The general procedure to calculate the exact solar azimuth Zn for any moment of time at a particular location is as follows, first determining the intermediate values X and A  :
X = ( S x cos (Lat) - C x sin (Lat) ) / cos (Hc)
If  X > +1 then X = +1
If  X <  -1 then X =  -1
A = INVcos (X)

If  LHA > 180, then  Zn = A                    (Determining solar azimuth)                                                   
Otherwise,              Zn = 360 - A

In this example, common sense tells you that the time of the exposure was some time in mid-morning, so pick a reasonable estimate, say 10:00 AM local time, convert to UT and calculate Hc and Zn using the Almanac. If your calculated azimuth is W of your measured one, your estimate was too late; if your calculated azimuth is E of your observed, your estimate is too early. Continue these iterations until your calculated and measured azimuths are close enough for your purposes, and use that corresponding solar altitude as Hc in your height calculations. 

Sources of Error

If the date of the photography is not known with precision, it still may be possible to achieve acceptable results if it can be narrowed to within several days.  An inspection of the Almanac reveals how quickly solar GHA and Dec values change during the estimated time period for corresponding times on different days.  Dec values vary over a range of 47 degrees, most rapidly during late March and September, where they are altering by about a third of a degree per day.  During late June and December, the Declination is essentially static.  Greenwich Hour Angle varies at an almost constant 15 degrees per hour year round, but it's value at any particular hour never strays by more than 4 degrees from the average over the years; GHA and Dec for any hour on a given date are not the same from year to year, but they are usually close.  Consequently, Zn and Hc tend to repeat for the same hour and date from year to year. An error in Dec will result in the largest altitude errors around the noon hour, while an error in GHA will have the most effect on shadows in early morning and late afternoon photography.
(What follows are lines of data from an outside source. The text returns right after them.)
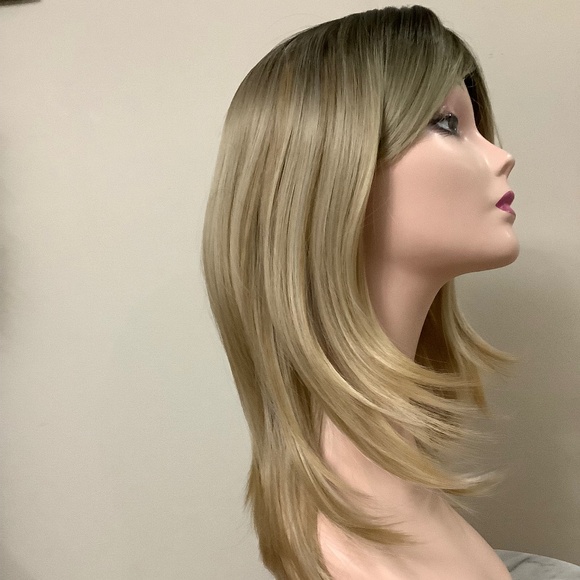 NEW Natural style wig - Picture 1 of 9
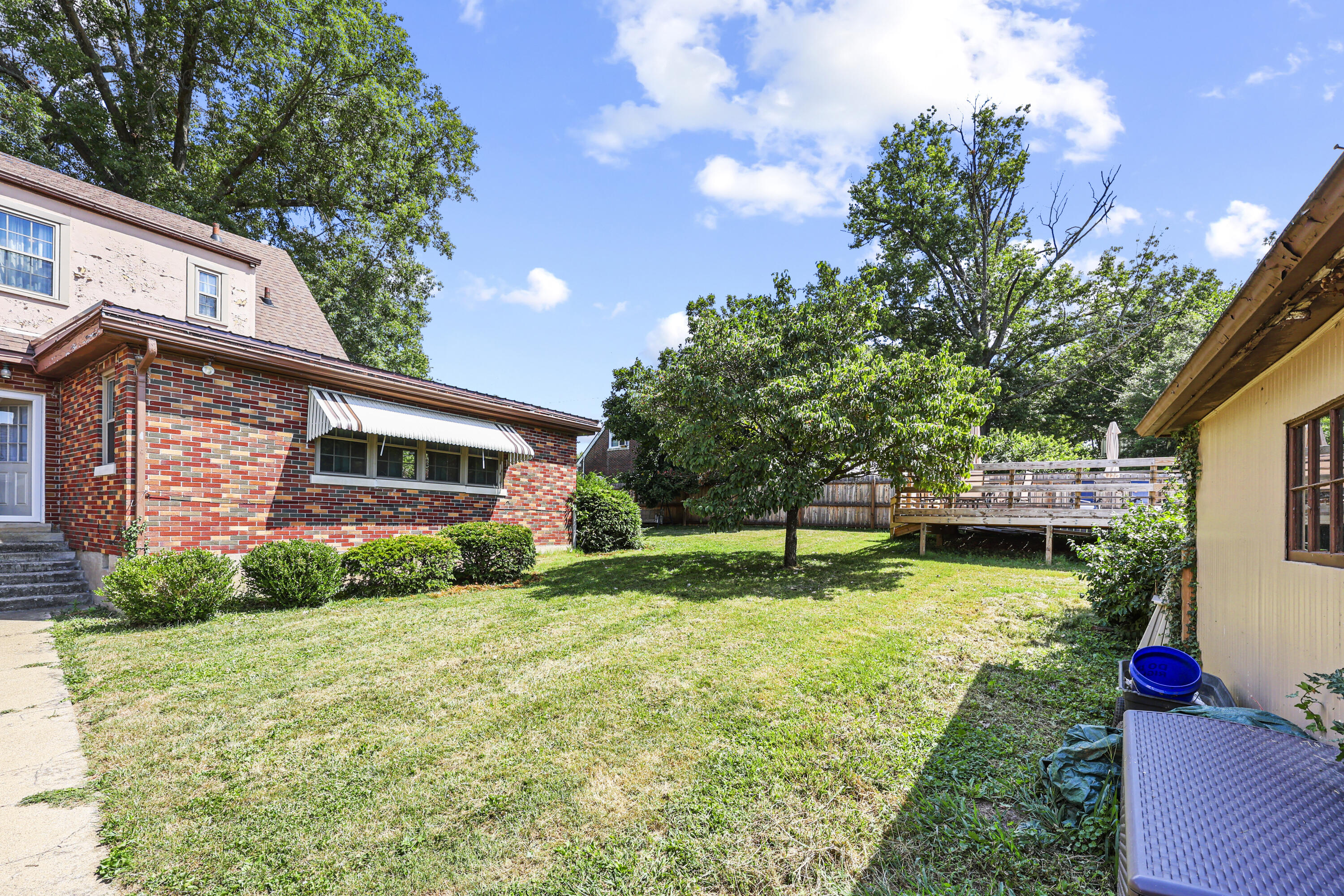 525 E Pike Street Property Photo 59
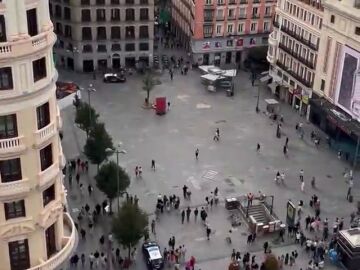 Vídeo: dalojan la Plaza de Callao en Madrid por un aviso de hombres armados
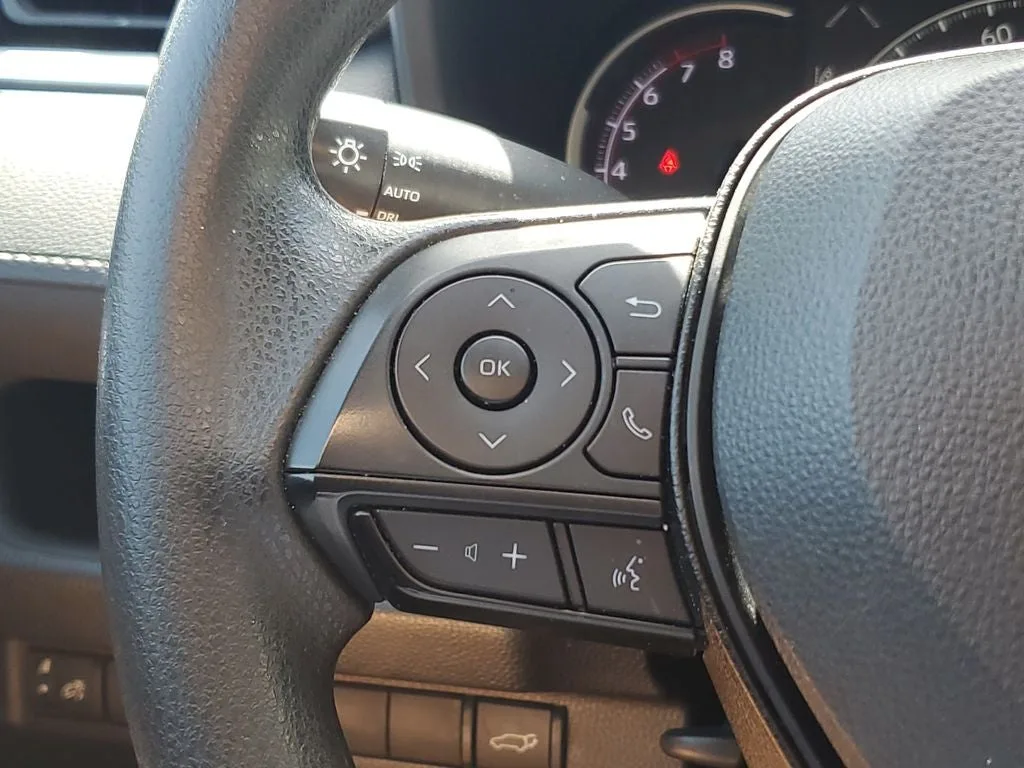 2024 Toyota RAV4 XLE photo 25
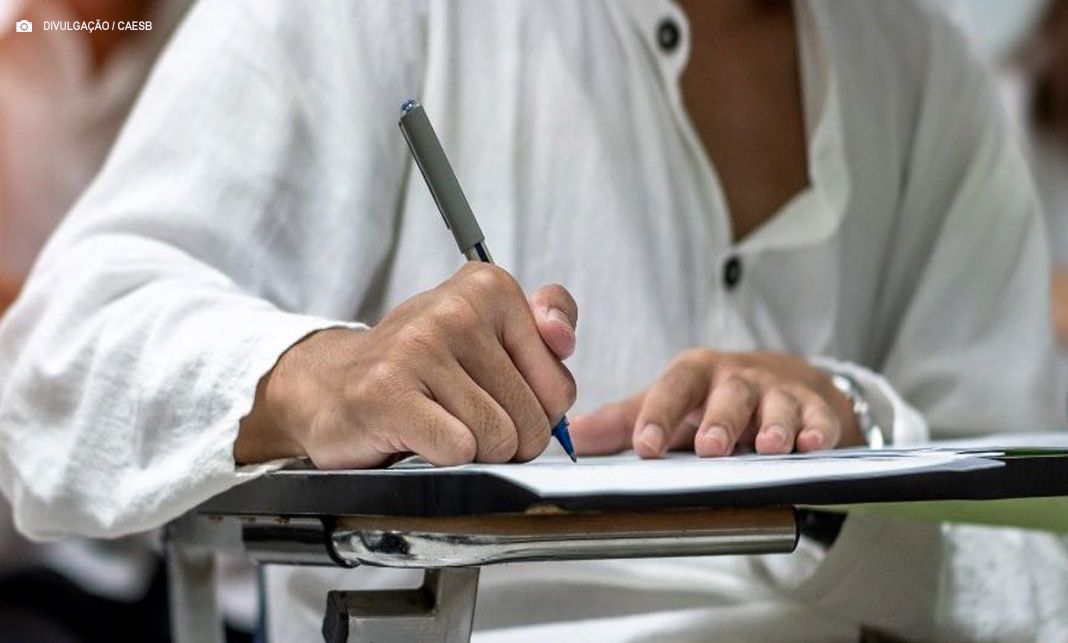 Caesb publica edital de concurso público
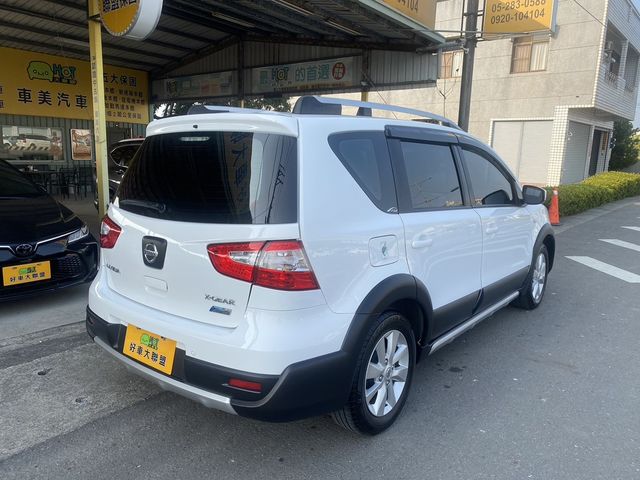 NISSAN日產 LIVINA  第2張相片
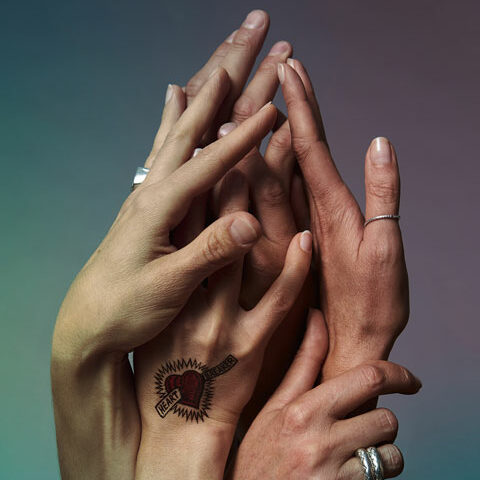 Bilder von vielen Händen (5), eine Hand hat ein Tattoo des Heartbreaker Logos.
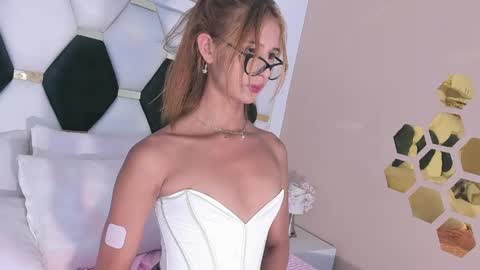 Snapshot of angela_garciaa chatting on May 15, 2026, 8:05 pm angela_garciaa online show from May 15, 2026, 8:05 pm
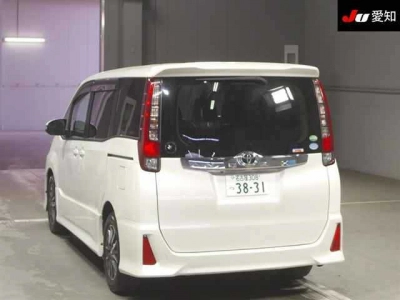 TOYOTA NOAH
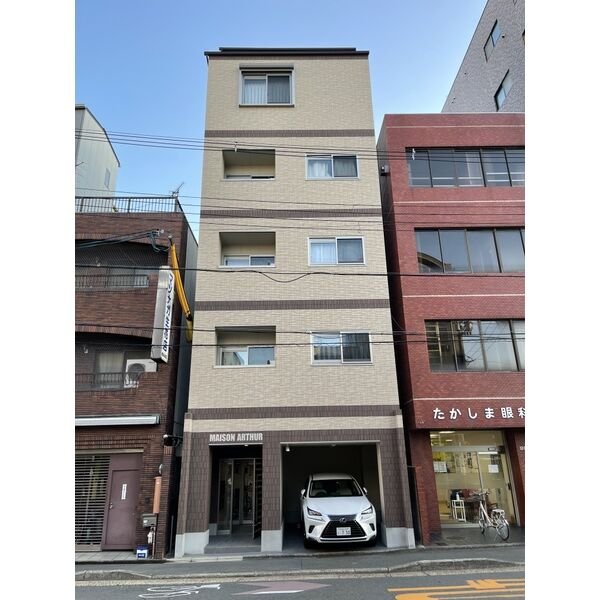 Exterior Image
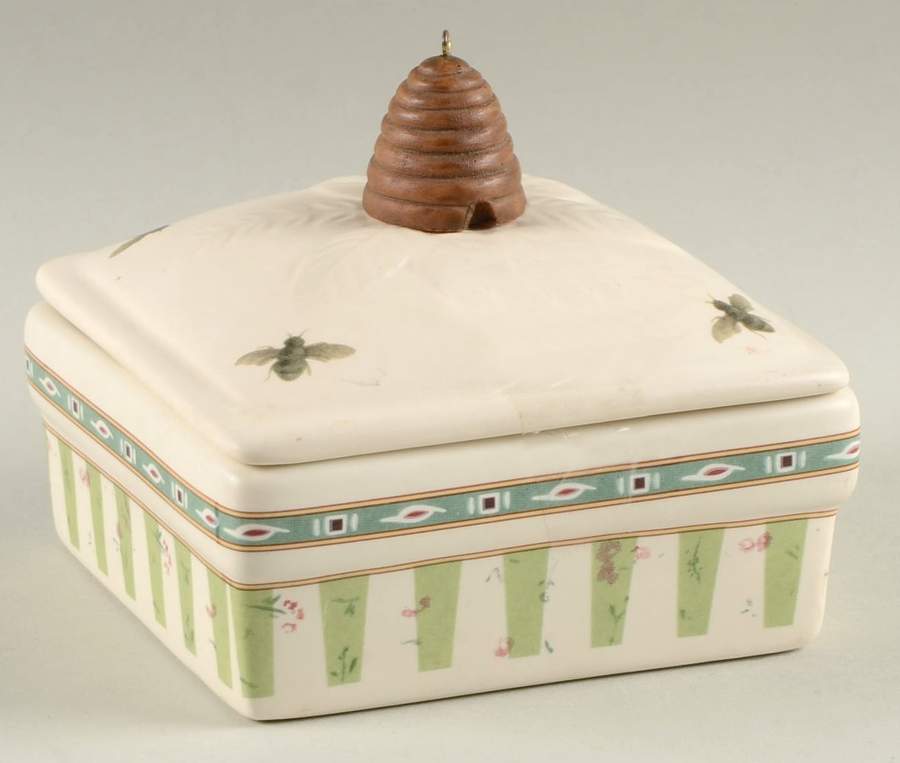 Naturewood Candle Votive & Lid by Pfaltzgraff-1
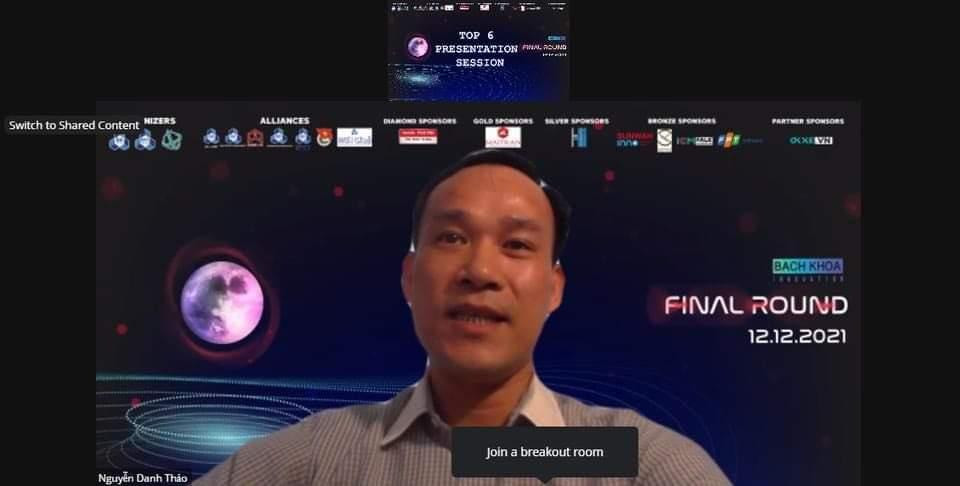 Ban Giám khảo nhận xét các dự án tham dự cuộc thi 'Bách khoa Innovation 2021'.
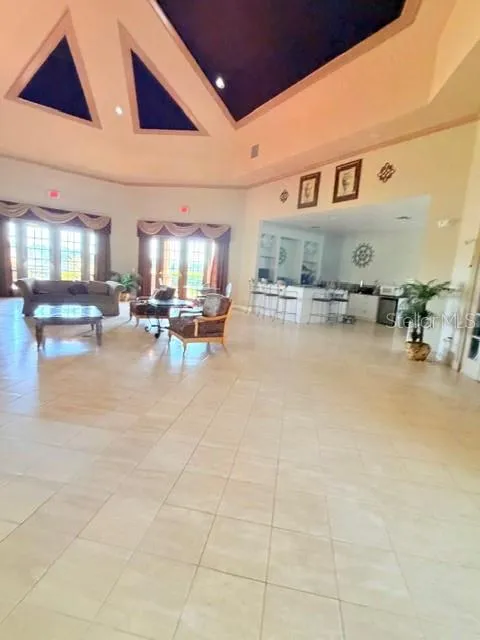 9108 LAKE CHASE ISLAND WAY #9108 Tampa, FL 33626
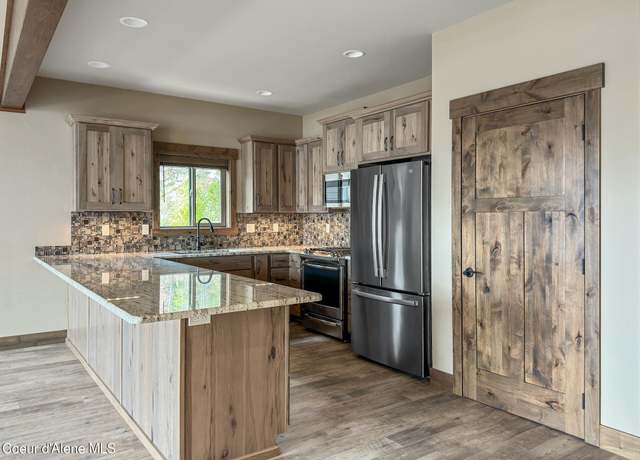 Property at 74 Palouse (b7), Nordman, ID 83848, 3 beds, 3 baths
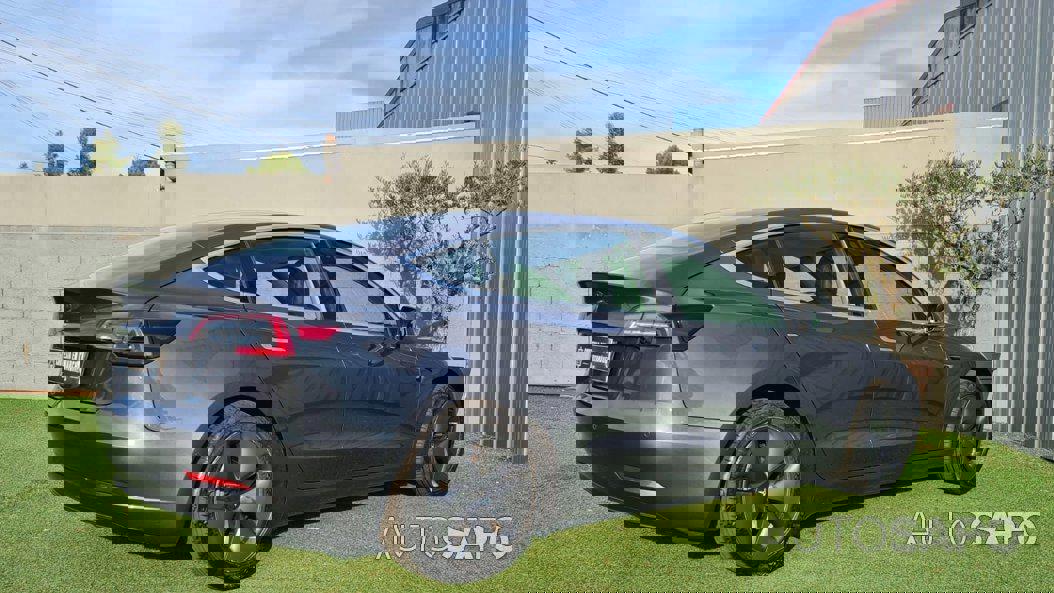 Tesla Model 3 Standard Range Plus RWD de 2020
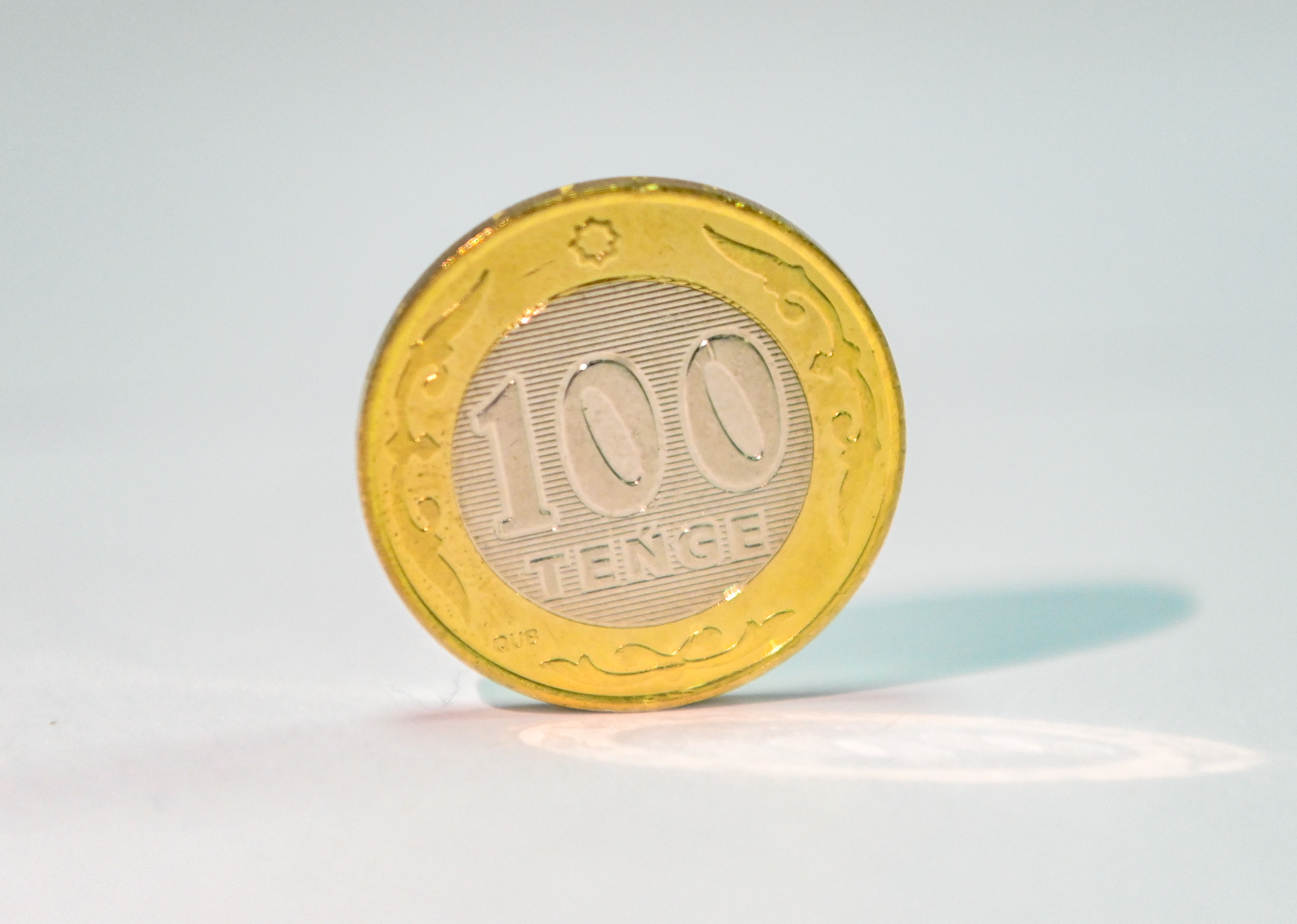 Aqpan aıynda teńge baǵamy qalaı ózgerdi?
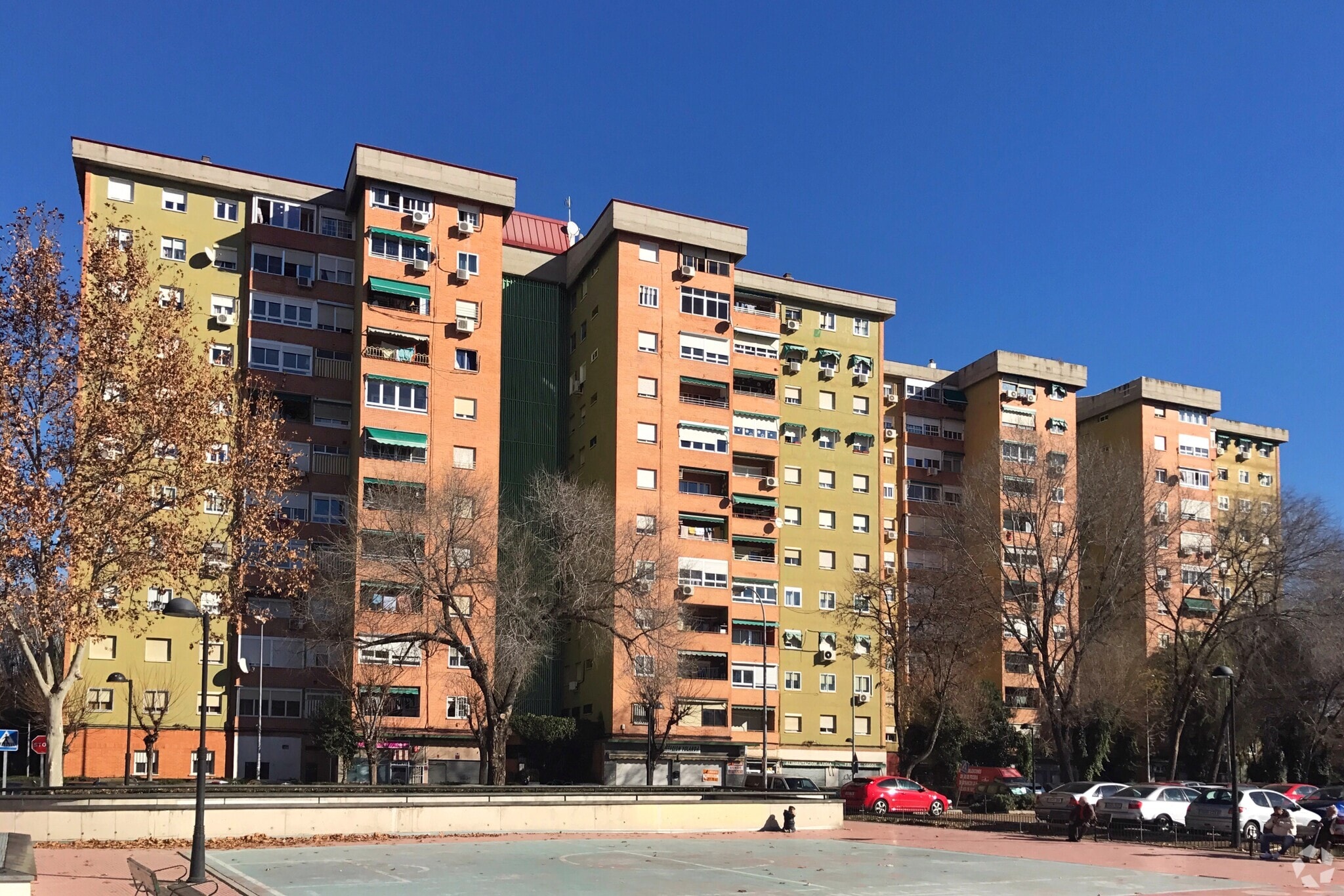 Calle Nuestra Señora del Pilar, 17, Alcalá de Henares, Madrid to rent Building Photo- Image 1 of 3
As a result, if you have imagery available and can establish the date it was acquired to within several days, you can always determine the time, and hence the solar altitude, with the procedure described above.   Using the USNO website calculator, or the expressions above, it is wise to experiment with different dates to determine the possible error which may be introduced by estimating an incorrect date for image acquisition.  This error will vary widely depending on the date, time and latitude of the original imagery. It is also important to keep in mind that it is not possible to measure shadow lengths on an image with high precision, so it may not be necessary to determine the sun elevation to a very high level of accuracy.

Glossary

Hc - Height computed -  Degrees above the horizon of a celestial body at a specific place and time, as determined from the Nautical Almanac.

Azimuth - Compass direction, measured clockwise from N, 0-360 degrees.

Zn - Computed Azimuth - Azimuth as computed from the Nautical Almanac for a specific place and time.

Dec - Declination - Degrees N or S of the Equator of a celestial body.

GHA - Greenwich Hour Angle - Angle measured W from the Prime Meridian to a celestial body's meridian.

LHA - Local Hour Angle - Angle measured W from the observer's meridian to a celestial body's meridian.

Meridian -  An imaginary line running from pole to pole through the observer and his zenith.

Prime Meridian - The Meridian passing through Greenwich, UK.

UT- Universal Time, also known as Greenwich Mean Time (GMT), the Standard Time in Greenwich, UK.